What is being asked:
Everything from the line that holds "Продаж на аукціоні" through the end of the listing below must be retyped word for word, without any pictures.

Source data:
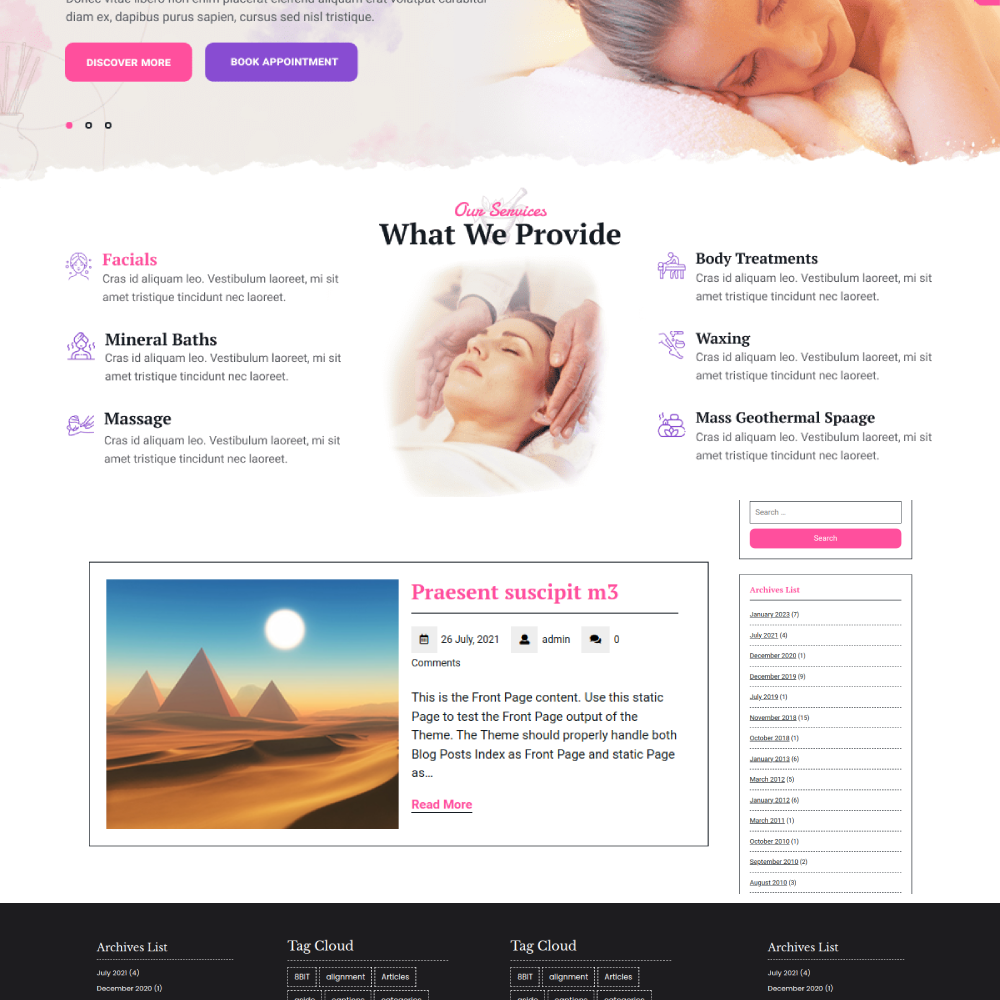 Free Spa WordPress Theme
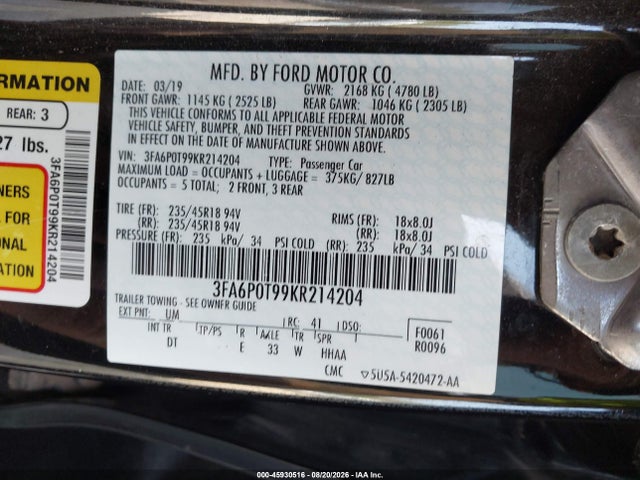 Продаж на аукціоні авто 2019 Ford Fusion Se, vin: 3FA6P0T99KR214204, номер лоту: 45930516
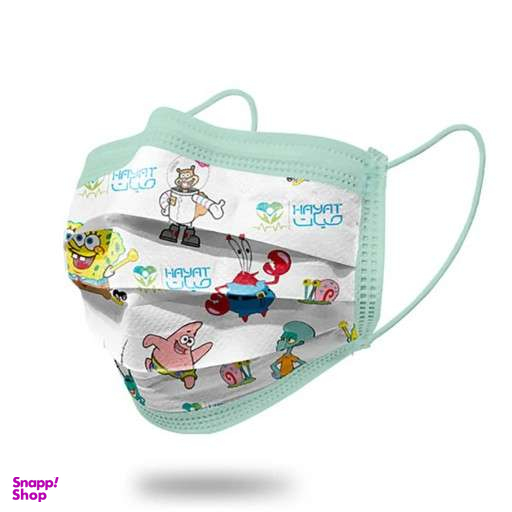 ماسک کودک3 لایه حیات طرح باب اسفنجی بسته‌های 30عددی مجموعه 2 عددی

Solution to the problem:
 Продаж на аукціоні авто 2019 Ford Fusion Se, vin: 3FA6P0T99KR214204, номер лоту: 45930516
 ماسک کودک3 لایه حیات طرح باب اسفنجی بسته‌های 30عددی مجموعه 2 عددی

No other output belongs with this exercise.